This is not to say that using social media to keep GBV at the forefront of everyone’s attention should be pitted against potentially re-traumatising survivors. Activism and awareness-raising on GBV globally, but particularly in South Africa, are necessary and important for the development of a just society.


Rather, it is to say that how we engage with this activism, the stories we share, when we share them, and how we share them, should must be mindful of the survivors not as anecdotes to get our points across, but as living, healing human beings for whom we are fighting and for whom we wish to minimise any further harm.


Just as the process of re-traumatisation may take many different forms, so too do the potential ways in which we can respond to its threat. One such way is the reintroduction of ‘trigger warnings’ where a clear message is posted before any sensitive GBV content, in order for people to decide if they would like to engage with the oncoming content or not. However, it is important to note that trigger warnings alone are not enough to protect survivors and should not be used as in isolation. In fact, psychologists have found that trigger warnings may not actually decrease the degree of re-traumatisation, but they do play a vital role in respecting and promoting the agency of survivors.

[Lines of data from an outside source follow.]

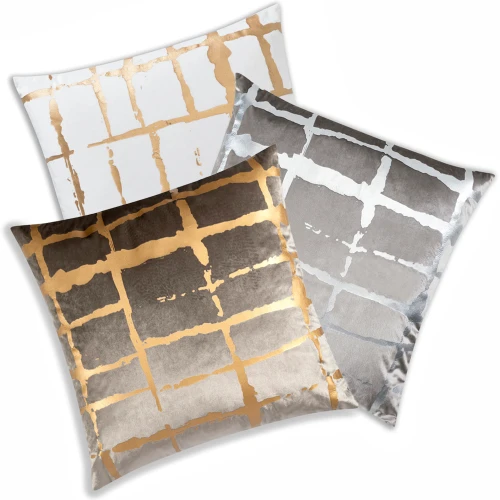 Oslo Velvet w/ gold foil print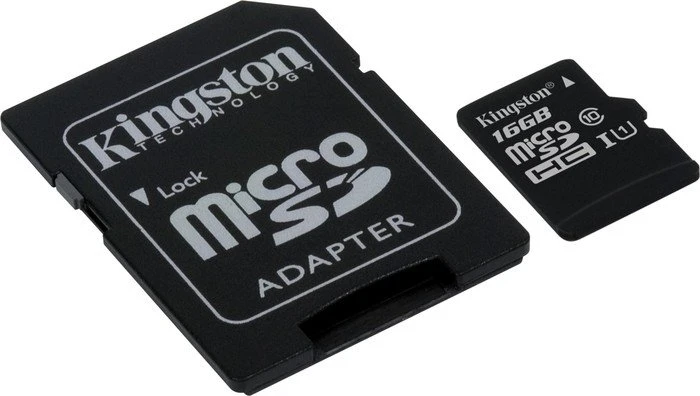 Kingston R45 16GB Kit, UHS-I, Class 10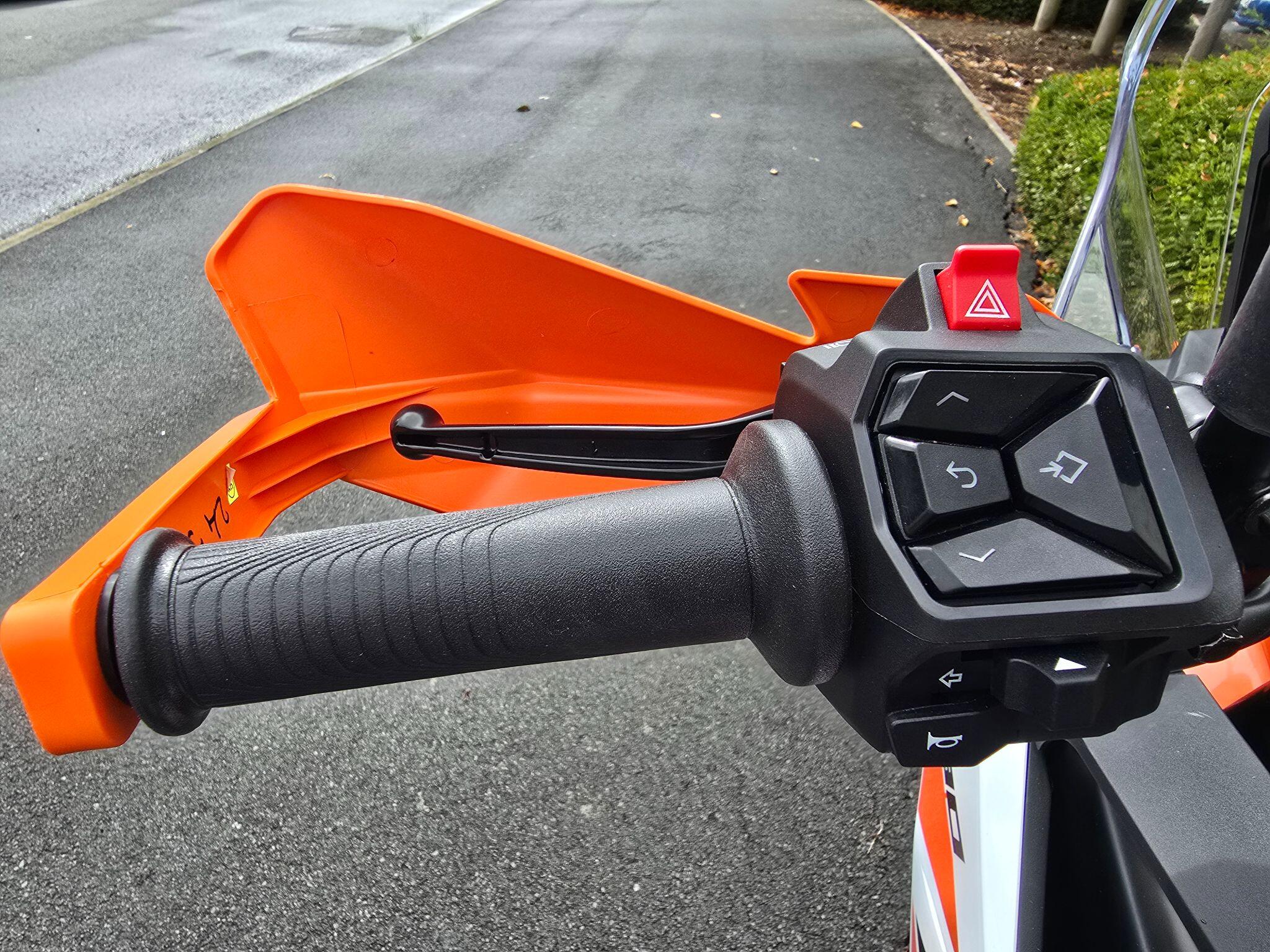 2026 KTM 390 520 X-Ring Euro 5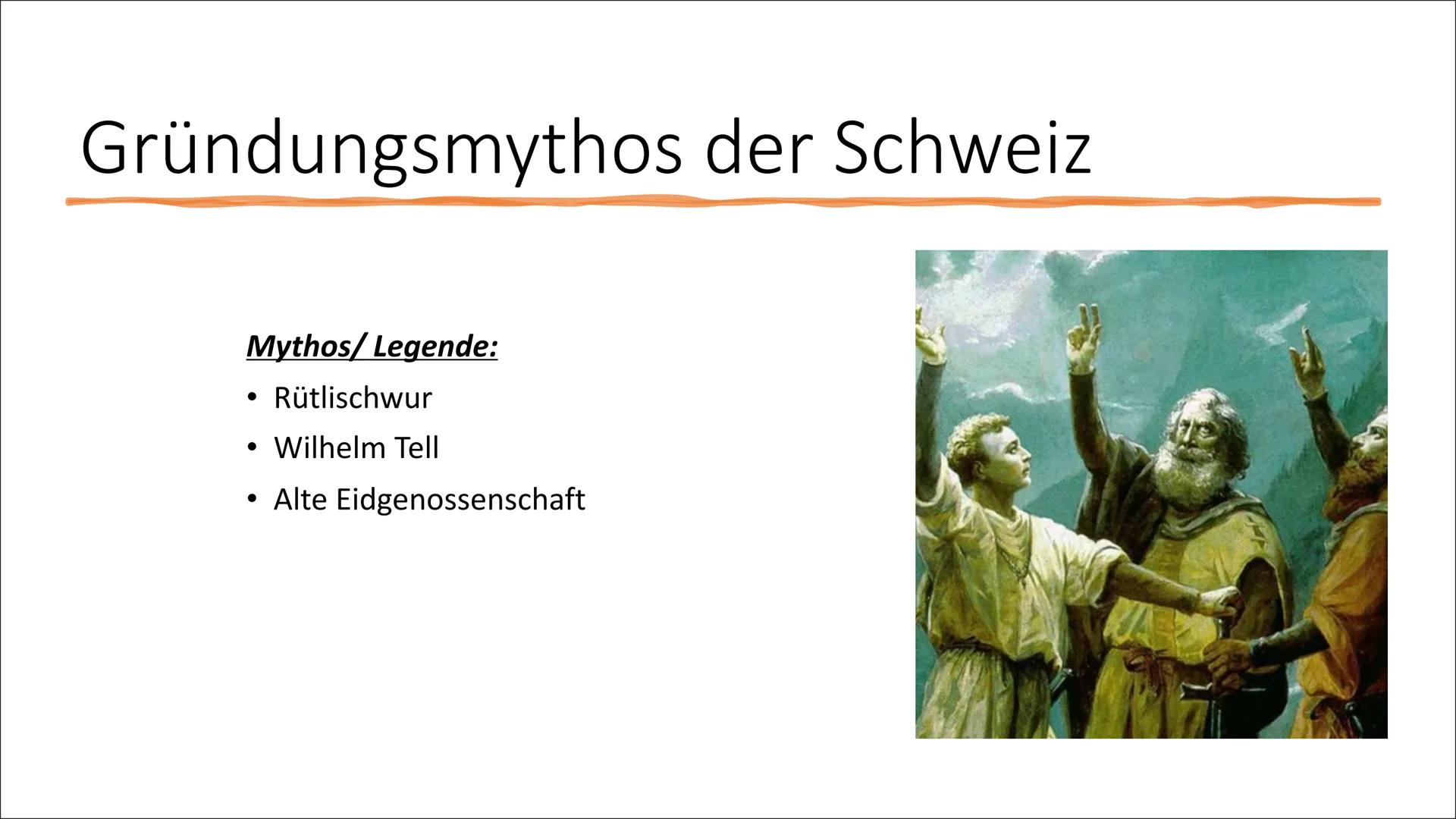 Wilhelm Tell
von Friedrich Schiller Inhaltsverzeichnis
Friedrich Schiller
Wilhelm Tell
Gründungsmythos der Schweiz
Historischer Hintergrund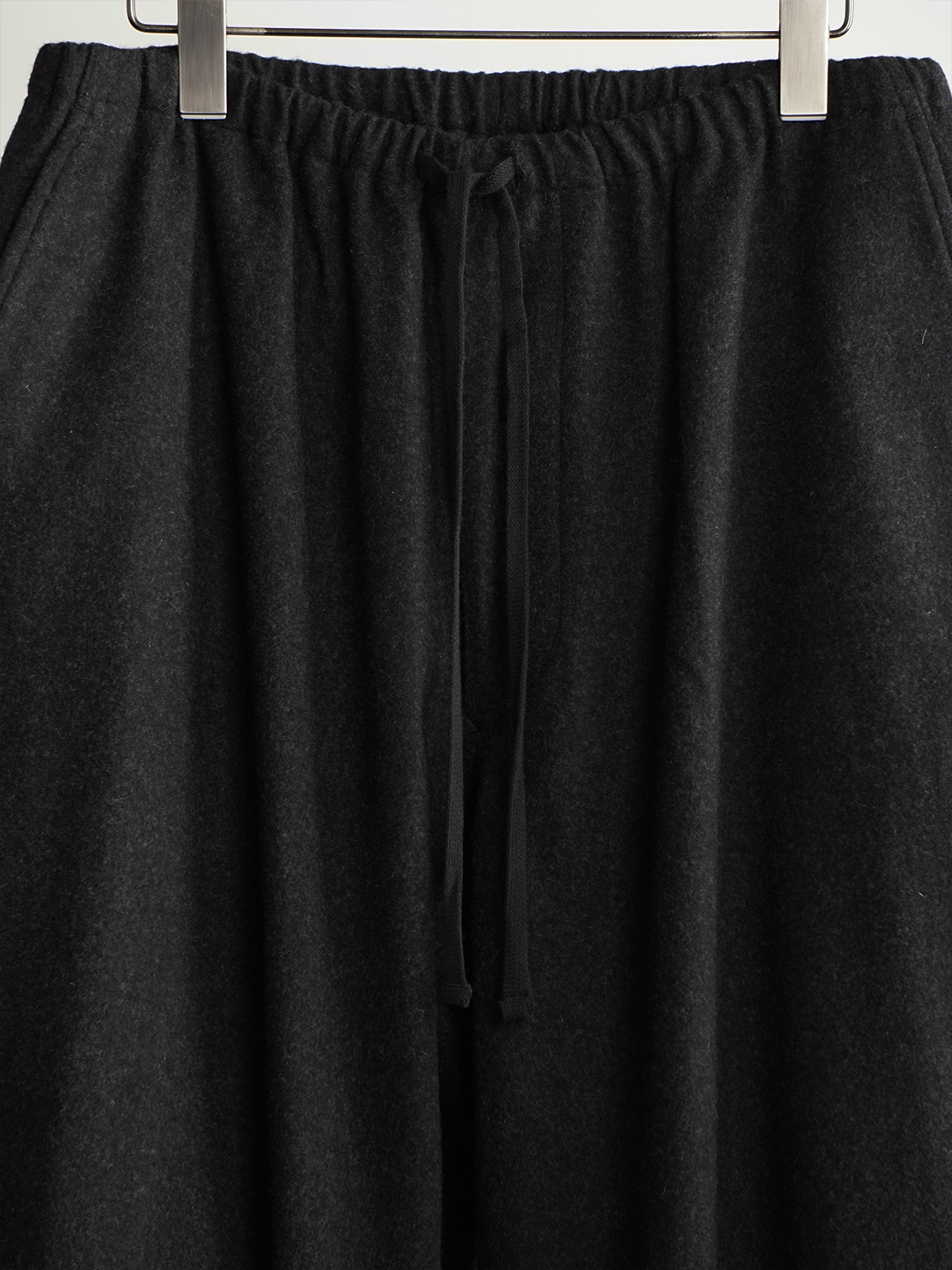 cashmere drawstring pants c8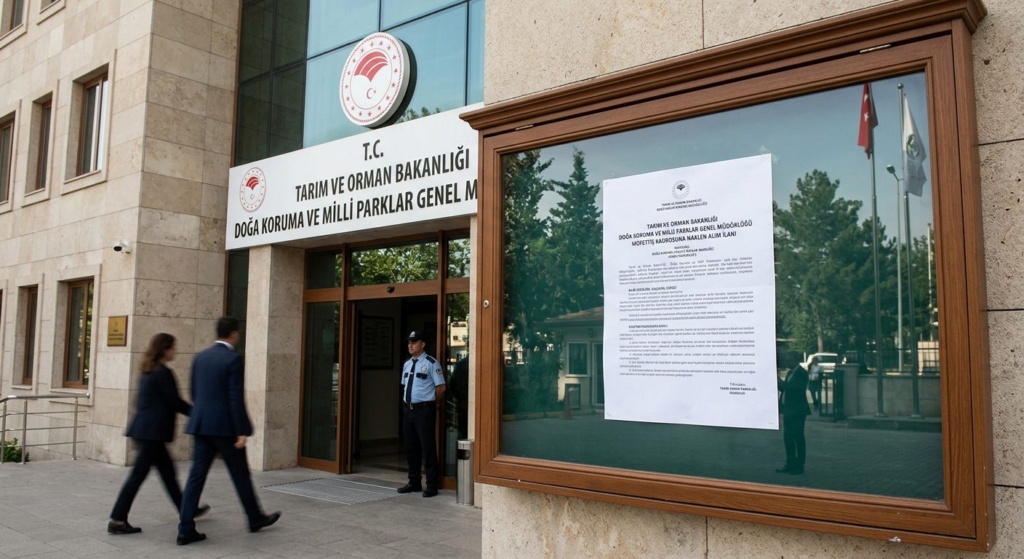 [TITLE] Doğa Koruma ve Milli Parklar Genel Müdürlüğü’nden 10 Müfettiş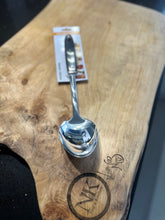 Load image into Gallery viewer, Naz’s Stainless Steel Soft Touch Spoon
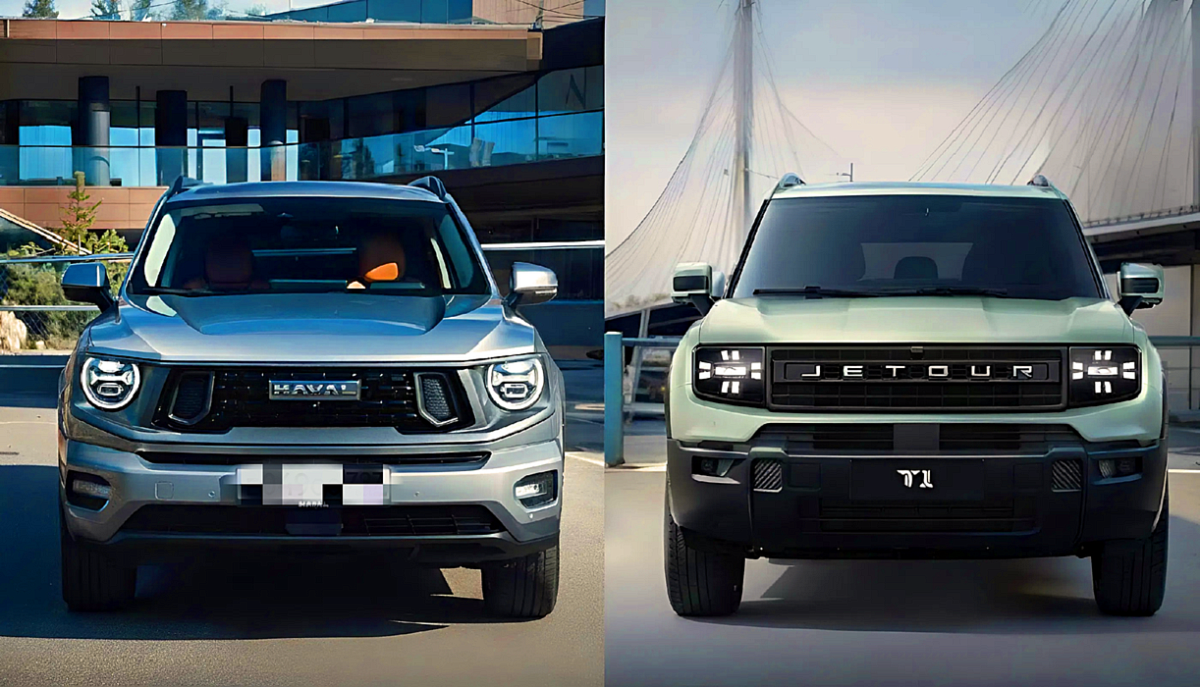Битва титанов: Haval H7 или Jetour T1 – сравнение, которое вы ждали Битва титанов: Haval H7 или Jetour T1 – сравнение, которое вы ждали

Social media, now more than ever, has come to act as a space for all of us to find connection, offer and receive support, or to simply escape the terrors of reality. By being conscious of how we engage in activism on these platforms through the use of trigger warnings (before and separate to the potentially triggering content), we give survivors the choice to engage.


Therefore, not only engaging in our activism with a necessary degree of sensitivity, but also engaging in an activism that promotes the very agency that was robbed of GBV survivors in the first place.